I appreciate that the noble Baroness, Lady Newlove, is suggesting not that the recommendations she has made would be a complete answer to the issues that she has addressed, but rather that they could make a significant and important difference, particularly if they lead to the change in culture and in mindset to which she refers. As the noble Baroness says in her report, the reasons why people engage in anti-social behaviour and neighbourhood crime must also be addressed if we are to improve the position. The reasons are many and varied, but if someone has been brought up in a home environment where anti-social behaviour, indifference and lack of thought for others appears to be accepted, one can hardly be surprised when that approach is copied and carried forward.

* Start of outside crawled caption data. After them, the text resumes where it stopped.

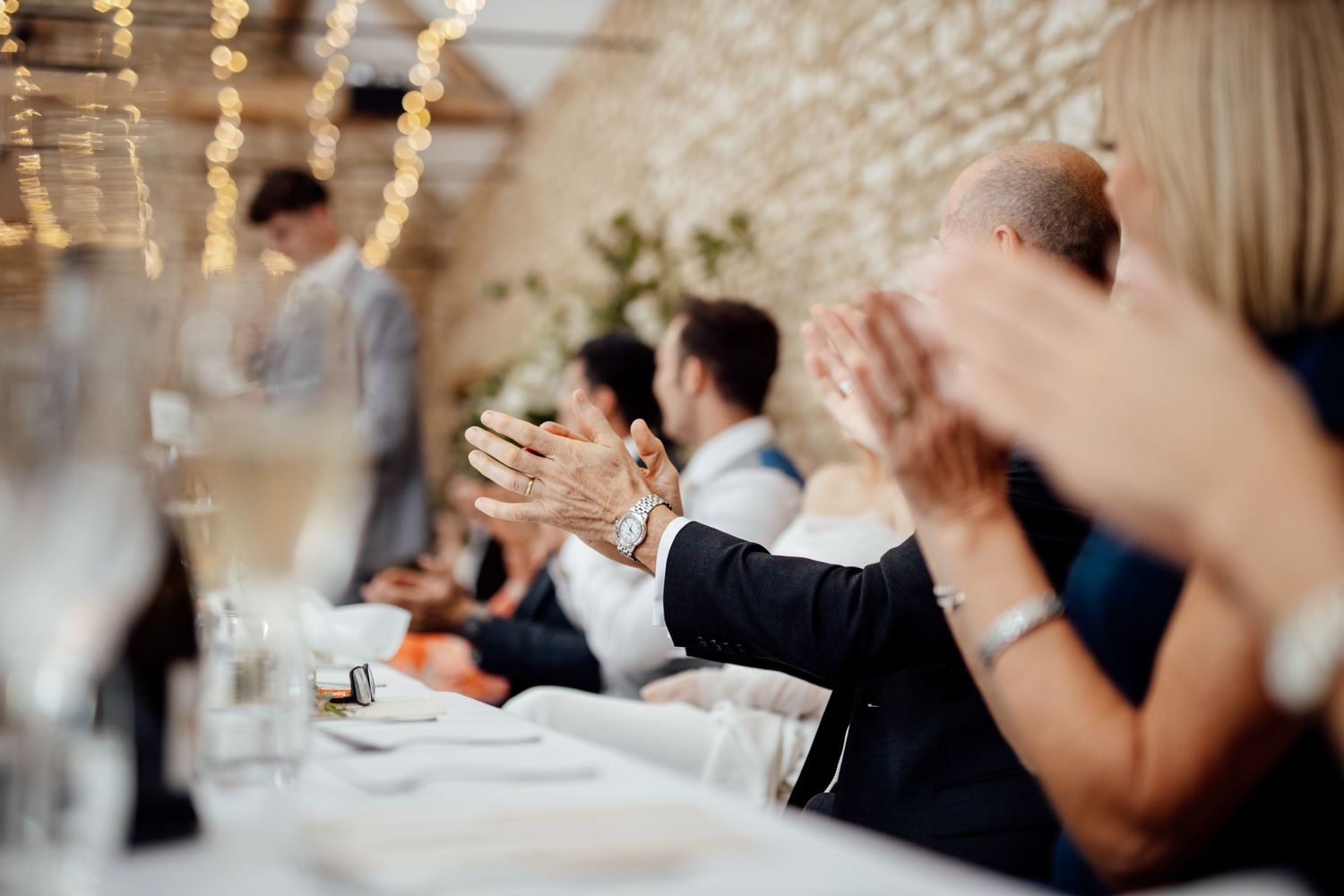 Wedding guests applauding during reception dinner at a stone-walled venue.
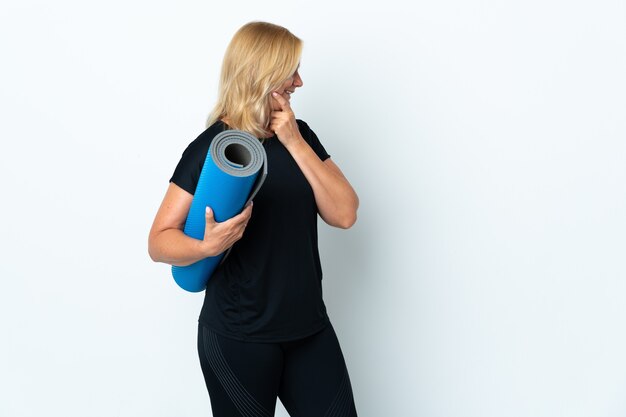 Donna di mezza età che va alle lezioni di yoga mentre si tiene un tappetino isolato sul muro bianco pensando un'idea e guardando il lato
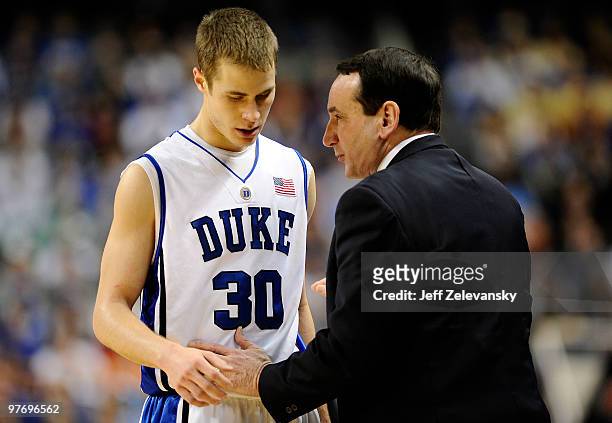 Jon Scheyer and Mike Krzyzewski head coach of the Duke Blue Devils confer against the Georgia Tech Yellow Jackets in the championship game of the...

Other things can also lead the less determined and resilient to adopt such behaviour even when it does not seem to flow from the environment in which they have been brought up. Unemployment, boredom, a lack of constructive things to do and a lack of money to do anything much other than survive can also contribute. These are issues that local community action, or action by individuals, may also be able to address, as some of the case studies in the report show. They are also issues on which actions by central government can and do impact through, for example, the economic, social and financial policies that it pursues. The Government have a choice over the extent and the speed at which, for example, they invest to address the financial situation through growth and a resultant increase in tax revenues and reduction in unemployment and benefit claims, and over the extent and speed at which they decide to address the current financial situation by cutting expenditure and jobs, cutting levels of benefits and cutting facilities provided by central and local government. The Government will argue that they have currently got the balance right but that is not a view that we accept. However, I ask the Minister whether the Government, in determining their view on how they would address the financial situation, made an assessment of the likely impact of their decisions on the issues of the levels of anti-social behaviour and neighbourhood crime that are the subject of the report by the noble Baroness, Lady Newlove. If such an assessment was made, what were the conclusions?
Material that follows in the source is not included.